EXERCISE REQUIREMENTS:
All lines below between the line with "buy a man walking" and the line with "lot 323 image: Signed", including both, must be copied exactly, and the pictures must be omitted.

(DATA SHOWN)

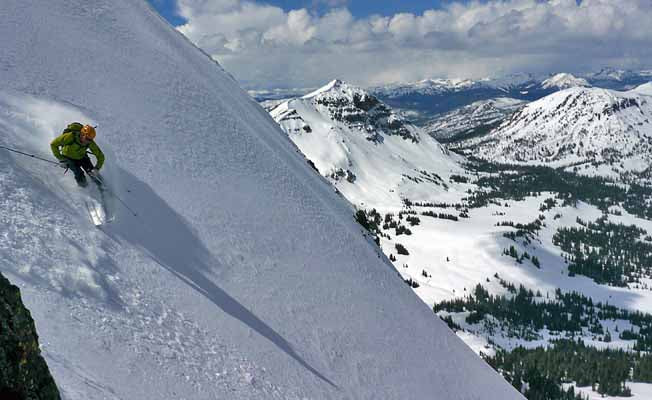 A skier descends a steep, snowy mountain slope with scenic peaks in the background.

(End DATA SHOWN)
(DATA SHOWN)

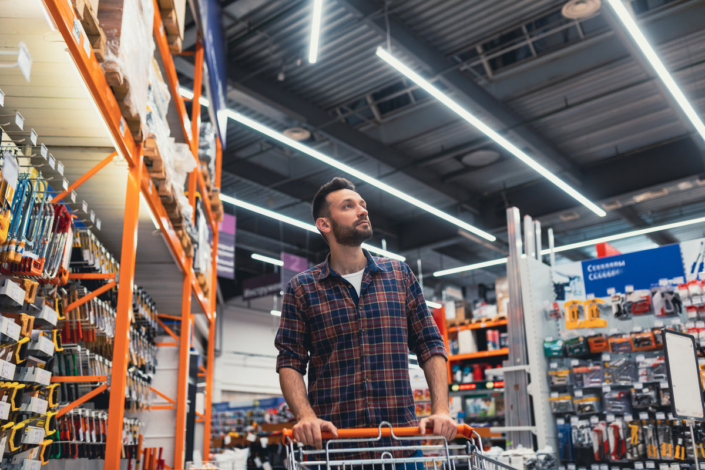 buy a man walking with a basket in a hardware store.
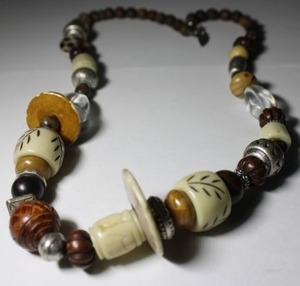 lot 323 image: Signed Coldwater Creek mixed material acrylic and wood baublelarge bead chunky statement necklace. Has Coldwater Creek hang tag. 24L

(End DATA SHOWN)
(DATA SHOWN)

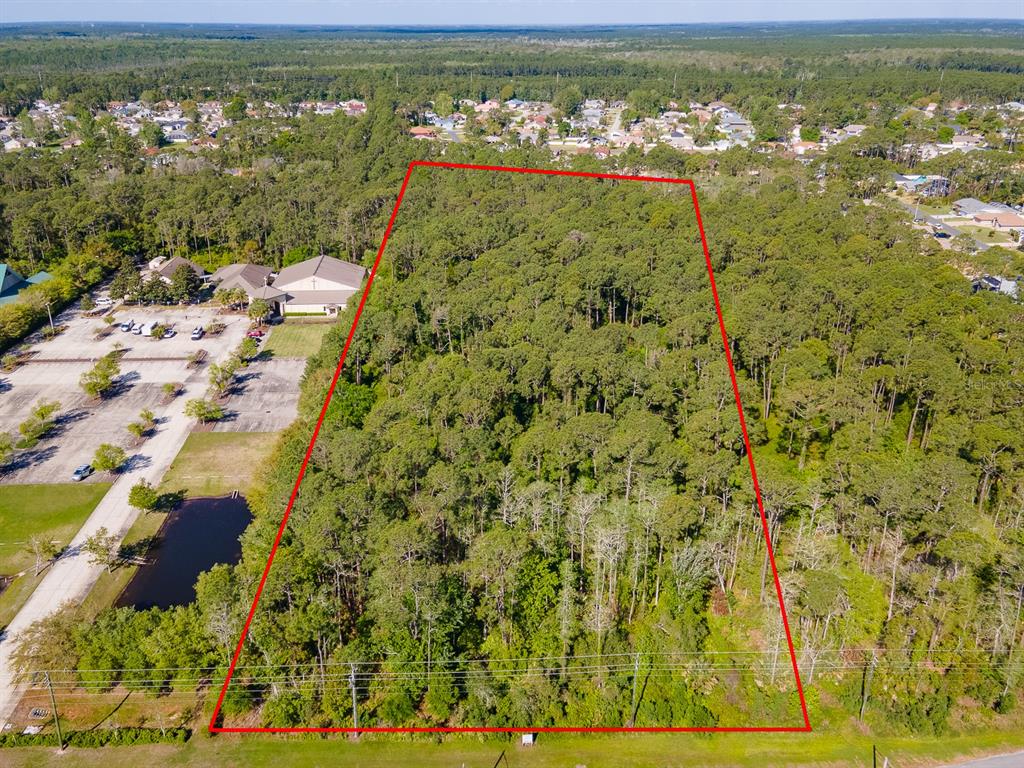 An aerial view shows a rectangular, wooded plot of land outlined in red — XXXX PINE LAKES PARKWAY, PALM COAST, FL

(End DATA SHOWN)

TASK SOLUTION:
 buy a man walking with a basket in a hardware store.
 lot 323 image: Signed Coldwater Creek mixed material acrylic and wood baublelarge bead chunky statement necklace. Has Coldwater Creek hang tag. 24L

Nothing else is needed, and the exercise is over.